** Available data follows **
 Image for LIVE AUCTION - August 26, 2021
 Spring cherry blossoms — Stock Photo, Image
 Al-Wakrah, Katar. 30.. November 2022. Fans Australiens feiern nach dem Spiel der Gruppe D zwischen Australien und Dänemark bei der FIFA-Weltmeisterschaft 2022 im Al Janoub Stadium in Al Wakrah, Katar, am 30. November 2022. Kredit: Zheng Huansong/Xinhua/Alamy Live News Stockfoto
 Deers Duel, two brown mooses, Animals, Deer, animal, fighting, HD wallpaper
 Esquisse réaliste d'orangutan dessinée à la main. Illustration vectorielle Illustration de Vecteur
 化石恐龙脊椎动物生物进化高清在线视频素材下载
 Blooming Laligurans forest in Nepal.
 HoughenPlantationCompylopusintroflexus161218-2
** End of Available data **
** Available data follows **
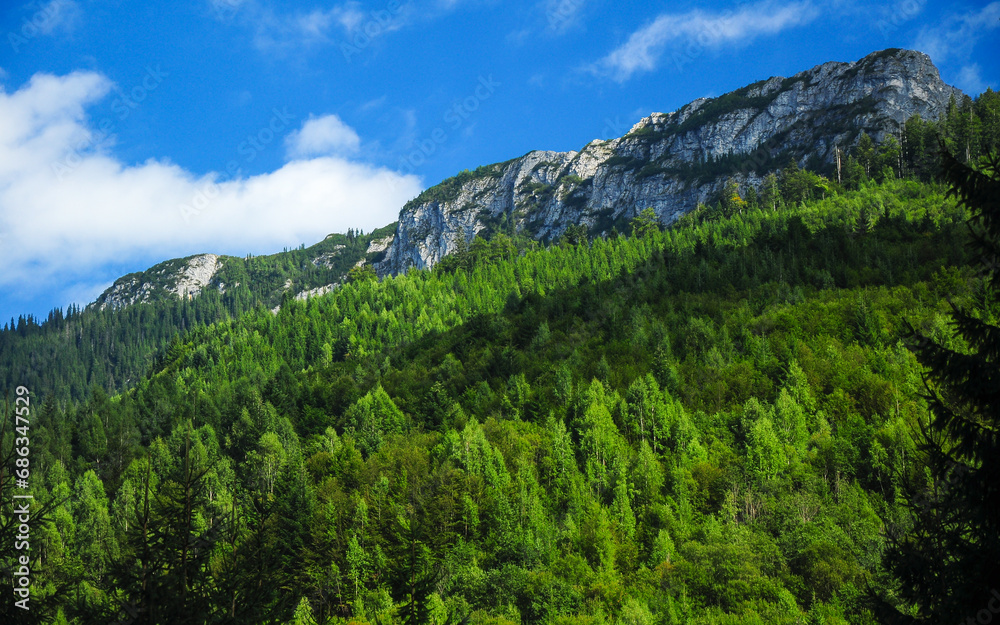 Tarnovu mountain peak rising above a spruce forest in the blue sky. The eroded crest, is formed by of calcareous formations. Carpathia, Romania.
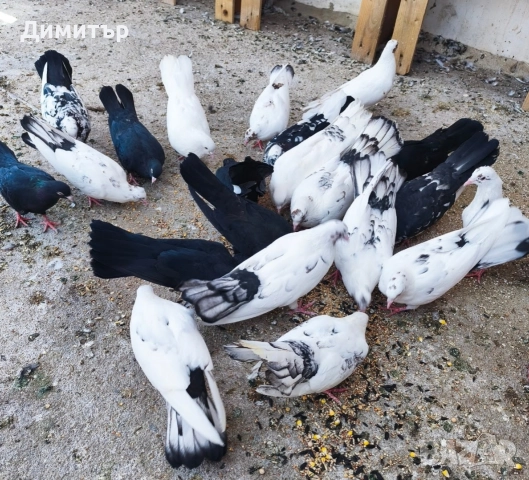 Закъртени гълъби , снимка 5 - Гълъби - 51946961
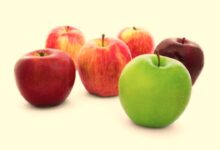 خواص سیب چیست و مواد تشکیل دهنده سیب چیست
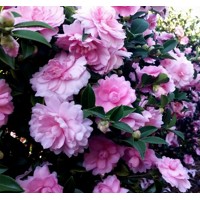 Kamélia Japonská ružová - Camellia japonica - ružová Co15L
** End of Available data **
Set down only the lines above that fall between the line holding "Image for LIVE AUCTION - August 26, 2021" and the line holding "Al-Wakrah, Katar. 30..", inclusive, keeping each exact.

[Solution to this exercise]:
 Image for LIVE AUCTION - August 26, 2021
 Spring cherry blossoms — Stock Photo, Image
 Al-Wakrah, Katar. 30.. November 2022. Fans Australiens feiern nach dem Spiel der Gruppe D zwischen Australien und Dänemark bei der FIFA-Weltmeisterschaft 2022 im Al Janoub Stadium in Al Wakrah, Katar, am 30. November 2022. Kredit: Zheng Huansong/Xinhua/Alamy Live News Stockfoto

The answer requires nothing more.